In Part 1 and 2 of this series we've shared some of the technical challenges we faced when building a Serverless car insurance platform. In this post we are going to take a look at some ways in which you can help guide your team on their transition to Serverless.
In the 1970s & 80s, the expression “nobody ever got fired for buying IBM” was coined to illustrate IBMs utter dominance of the IT industry and how executives, who were playing it safe, kept buying IBM. Rather than look at the competition, which could potentially save them time and money in the long run, they opted for the perceived safe choice.
I have seen a similar trend in regards to Serverless, many teams have reluctance when it comes to adopting a Serverless-First approach, despite the benefits being clear and proven:
- No infrastructure provisioning or maintenance
- Automatic scaling
- Pay for what you use
- Highly available and secure
There are potentially many reasons for this lack of adoption, but what I want to focus on is fear.
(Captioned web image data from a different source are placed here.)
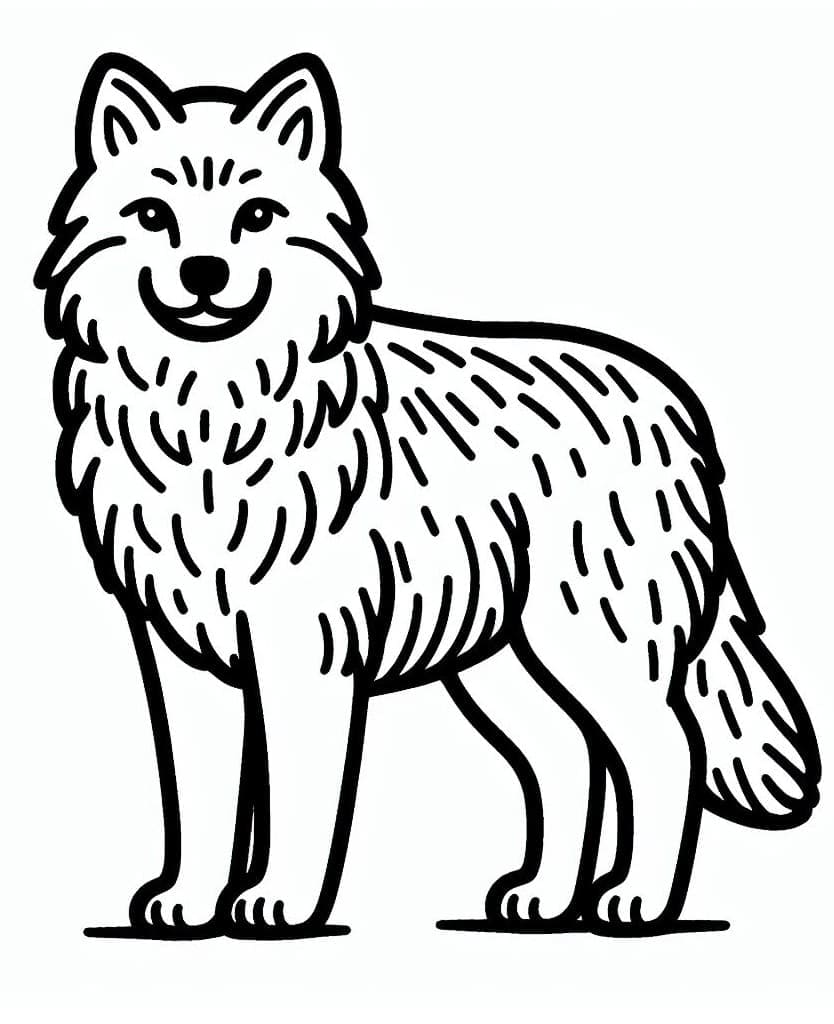 Desenho de Um Simples Lobo para colorir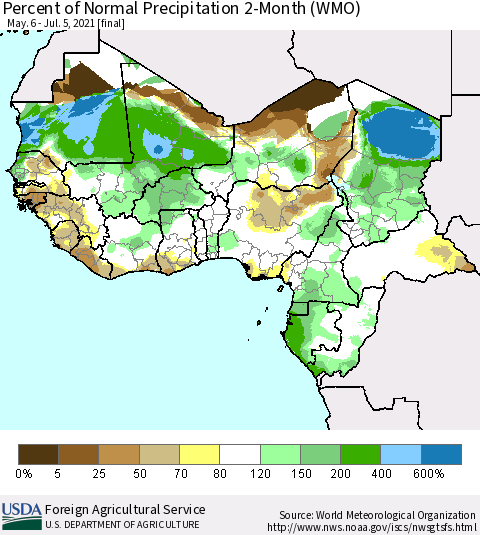 Western Africa Percent of Normal Precipitation 2-Month (WMO) Thematic Map For 5/6/2021 - 7/5/2021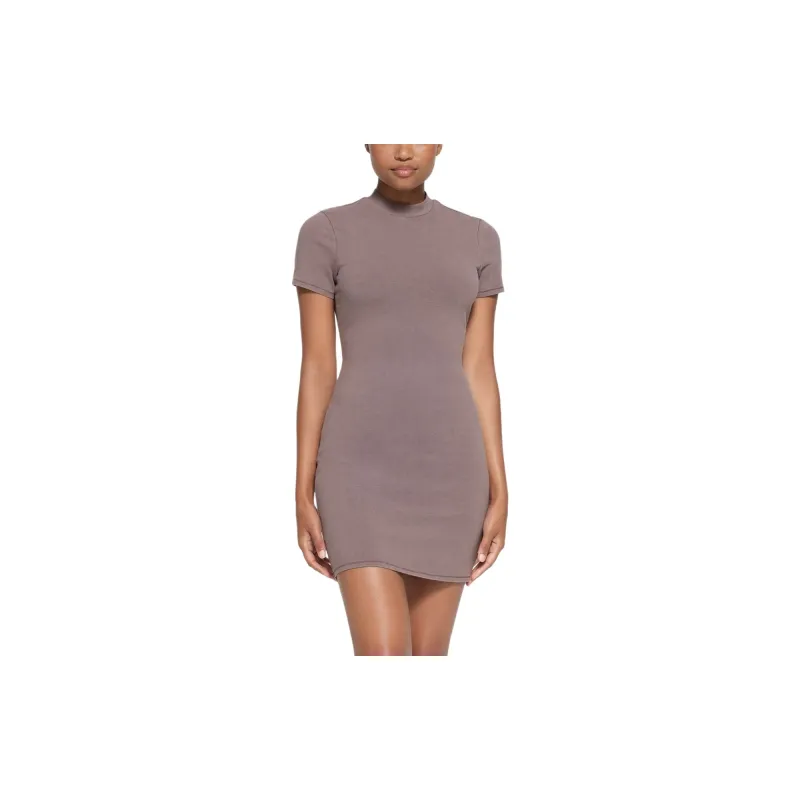SKIMS SS24 Summer Collection OUTDOOR MOCK NECK MINI DRESS Short Sleeved Dress Women's ZINC/Zinc-1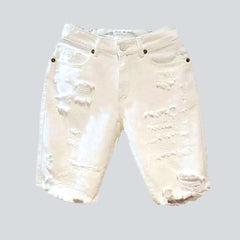 Short en jean blanc vieilli pour homme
Fear when it comes to the developer experience, fear when it comes to modelling databases, fear when it comes to cost and scaling.
When I started on the Stroll project I was comfortable with Lambda functions, messaging queues but honestly I was afraid of DynamoDB. When you work with DynamoDB you are told that “you have to know all your access patterns up front?”. As an engineer you know that it's so easy for requirements to change and needing to know your access patterns seemed like a huge risk.
I wanted to see if this fear was just something I experienced, or had it impacted other teams as well. So I asked a few of my fellow Serverless AWS Community Builders a question:
When you first started your Serverless journey what were you, your team or your company afraid of, and how did you overcome it?
And I got some great answers:
We were afraid that getting up to speed with the Serverless paradigm would take ages and that we'd end up investing a lot over a long time before we could reap any benefits. We overcame this by breaking things down and achieving small wins. Getting the first Lambda in production only took a couple of days and felt great! From there, we kept on adding the next small building block, learning what we needed to know as we went.
On the company that I was working at that time the main fears/blockers were: Questioning if Serverless would provide value to our systems and customers. The misconceptions: Serverless is more expensive than X, Serverless is harder to test than X or Serverless is more complex than X. Education, not only in Serverless but in distributed systems in general.
This was late 2016/early 2017: Vendor lock-in - got over it quickly though that Serverless wouldn't gain market share - that we'd end up with an architecture with no community backing which we'd struggle hiring for.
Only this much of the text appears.